### WHAT IS EXPECTED
Return the data below unchanged. Drop any pictures.

*** THE DATA Section Begins ***

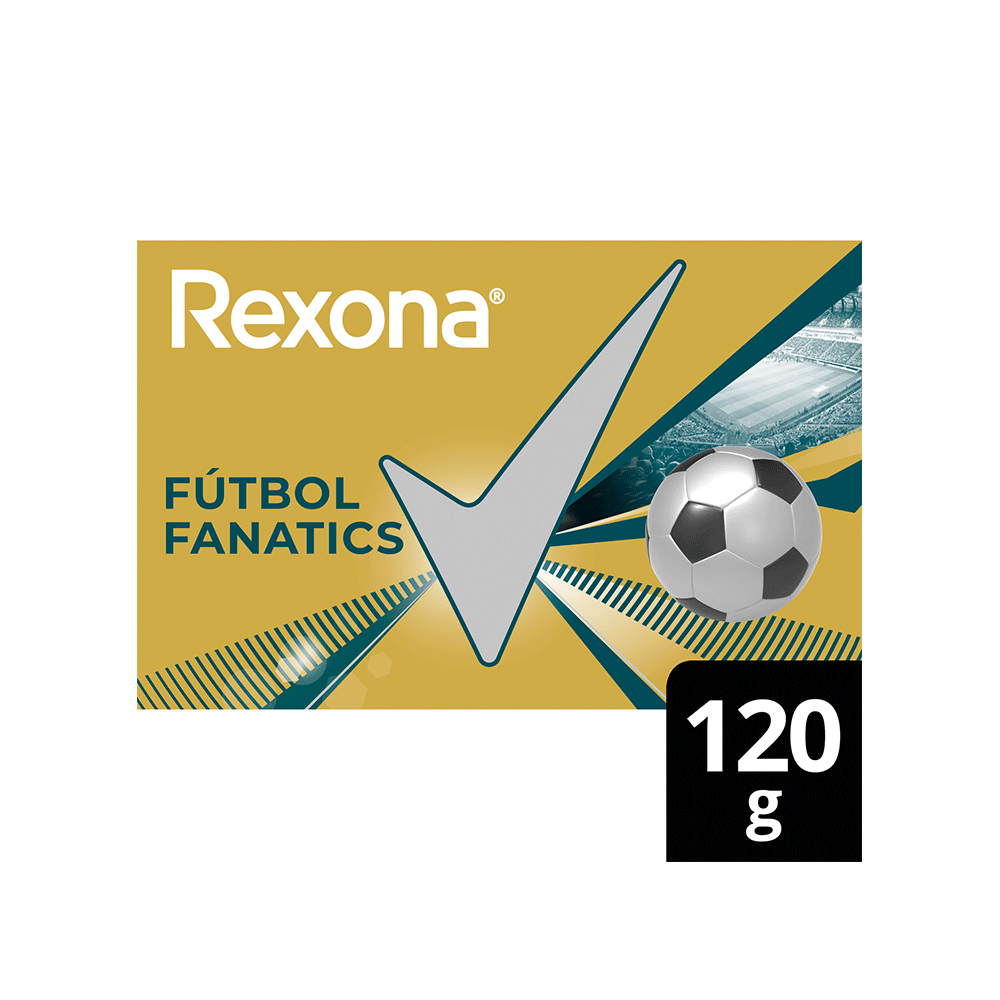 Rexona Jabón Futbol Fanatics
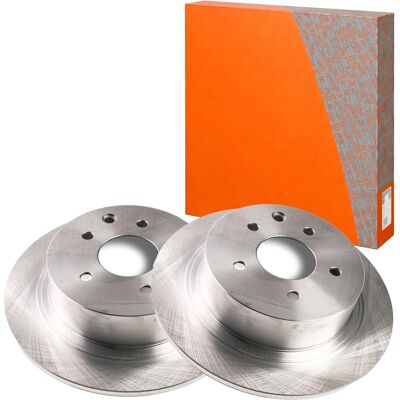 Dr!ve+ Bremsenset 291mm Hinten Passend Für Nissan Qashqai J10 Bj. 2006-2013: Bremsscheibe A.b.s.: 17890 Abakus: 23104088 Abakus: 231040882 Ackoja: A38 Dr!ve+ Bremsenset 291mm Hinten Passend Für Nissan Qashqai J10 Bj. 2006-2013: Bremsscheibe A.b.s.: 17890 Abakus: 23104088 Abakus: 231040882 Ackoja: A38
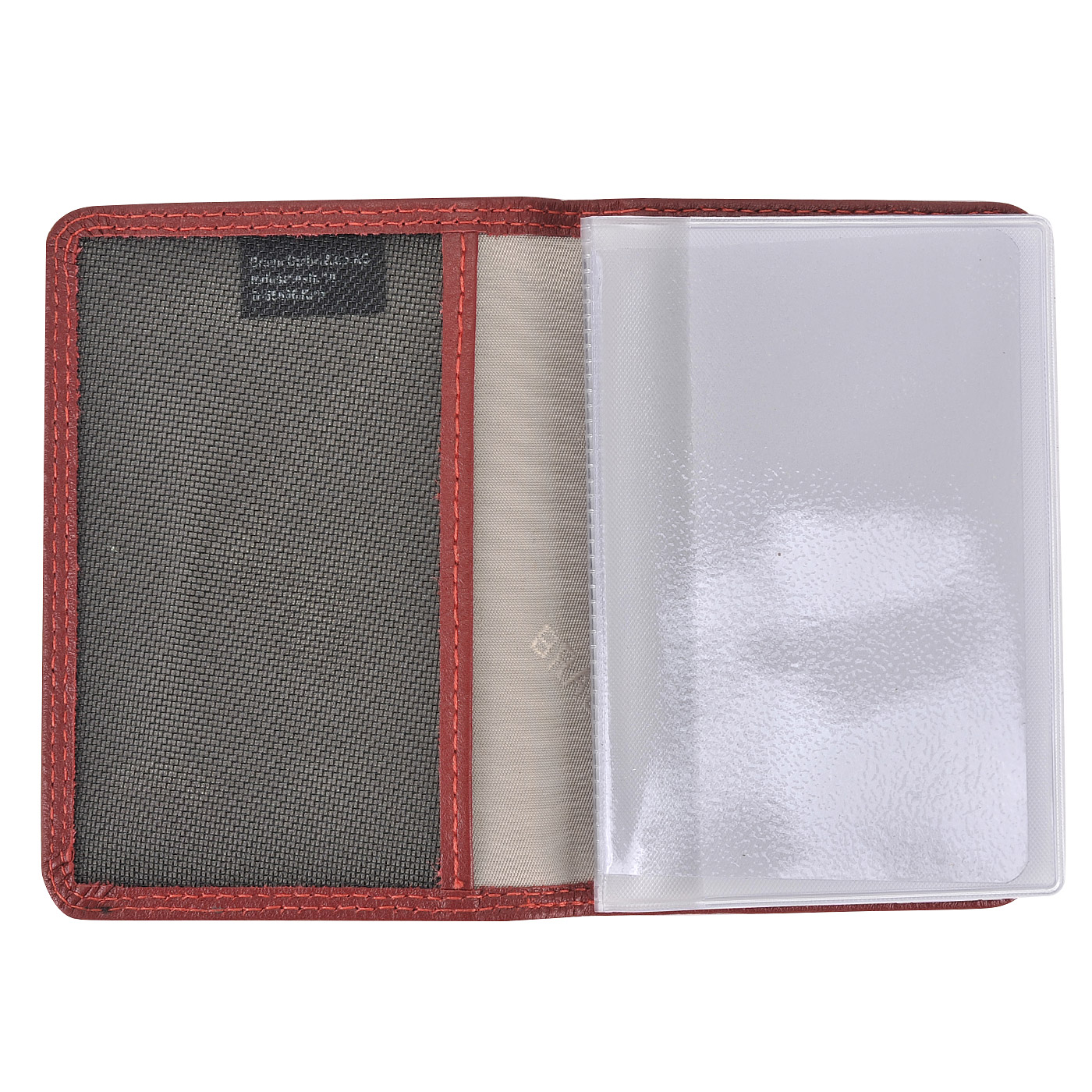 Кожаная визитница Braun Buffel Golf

*** THE DATA Section Ends ***

### ANSWER BELOW
 Rexona Jabón Futbol Fanatics
 Dr!ve+ Bremsenset 291mm Hinten Passend Für Nissan Qashqai J10 Bj. 2006-2013: Bremsscheibe A.b.s.: 17890 Abakus: 23104088 Abakus: 231040882 Ackoja: A38 Dr!ve+ Bremsenset 291mm Hinten Passend Für Nissan Qashqai J10 Bj. 2006-2013: Bremsscheibe A.b.s.: 17890 Abakus: 23104088 Abakus: 231040882 Ackoja: A38
 Кожаная визитница Braun Buffel Golf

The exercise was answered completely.